Not everyone is on board.
According to the report, 72 Washington cities or counties have prohibited retail sales. The federal government still classifies pot in the same category as heroin. And all across the country, every day, people are arrested for possession – nearly 90 percent of all marijuana arrests between 2001 and 2010 were for simple possession, according to the ACLU.
Marijuana laws have been among the most unequally enforced of laws – black people are almost four times more likely to be arrested for possession than whites, though the rate of doobage among those groups is about the same, according to the ACLU.
This ratio soars in the richest neighborhoods, meaning wealthy white people have long lived with de-facto legalization while young men of color are stopped and frisked and imprisoned for mere possession.
It simply is not worth it. In 2005, more than 500 economists signed a report and letter to President George W. Bush urging a debate about the potential costs and benefits of legalization. The report, authored by economist Jeffrey Miron, concluded that eliminating prohibition in favor of a taxed, regulated, legal market would add – in savings and new revenues – between $12 billion and $14 billion a year to government coffers.

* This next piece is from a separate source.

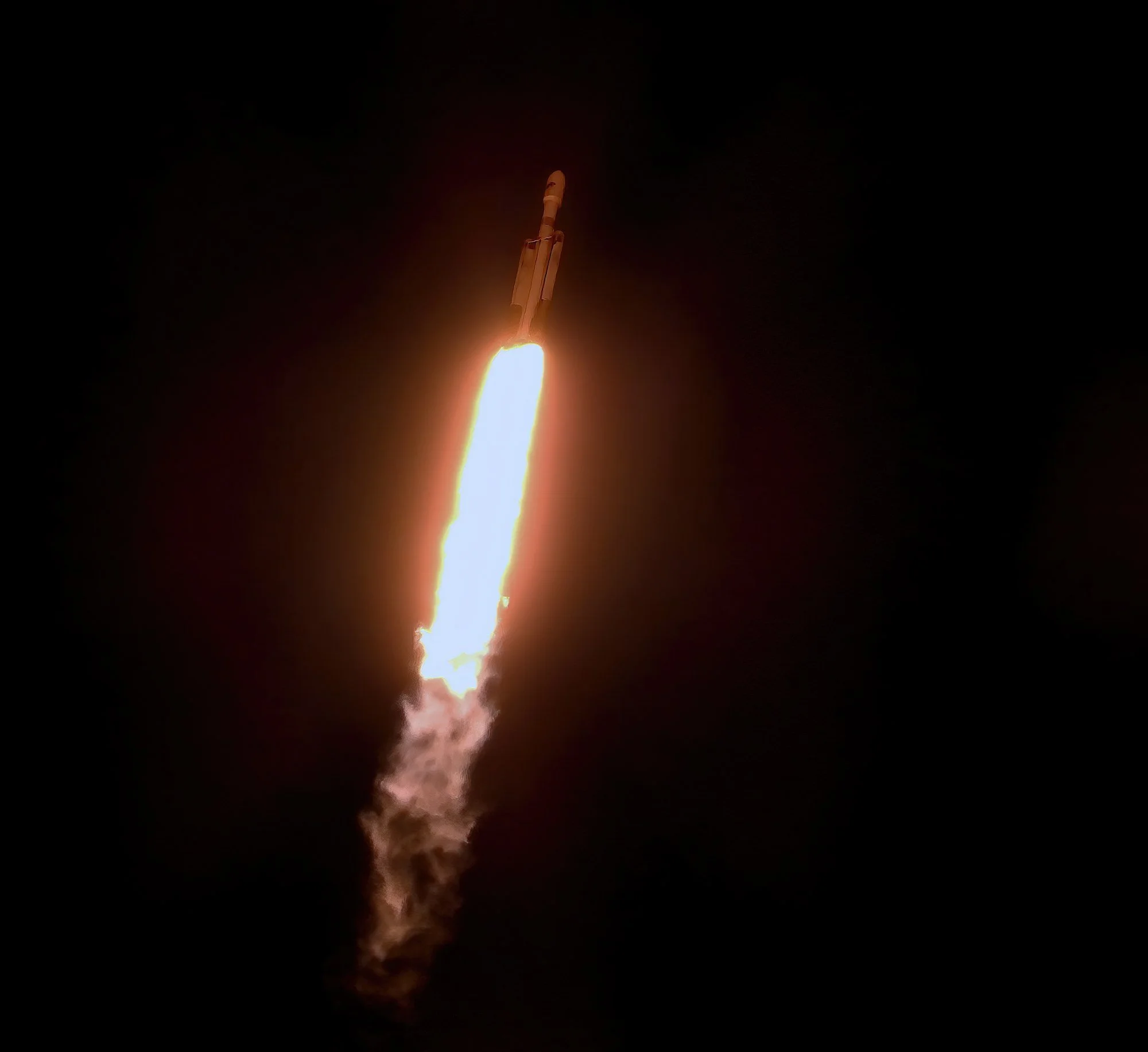 DSCN_0097 · Falcon 9 night launch, Florida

That would be enough, the report noted, to seek and destroy all the “loose nukes” from the Soviet-era, or to implement anti-terrorism security measures at every port in the nation.
That was 10 years ago. Things are changing, here and elsewhere, but the war on weed remains the law of the land, and it makes no more sense than it ever did.
Washingtonians are spending and earning a lot on pot. But the best thing about legalization is what we stopped spending.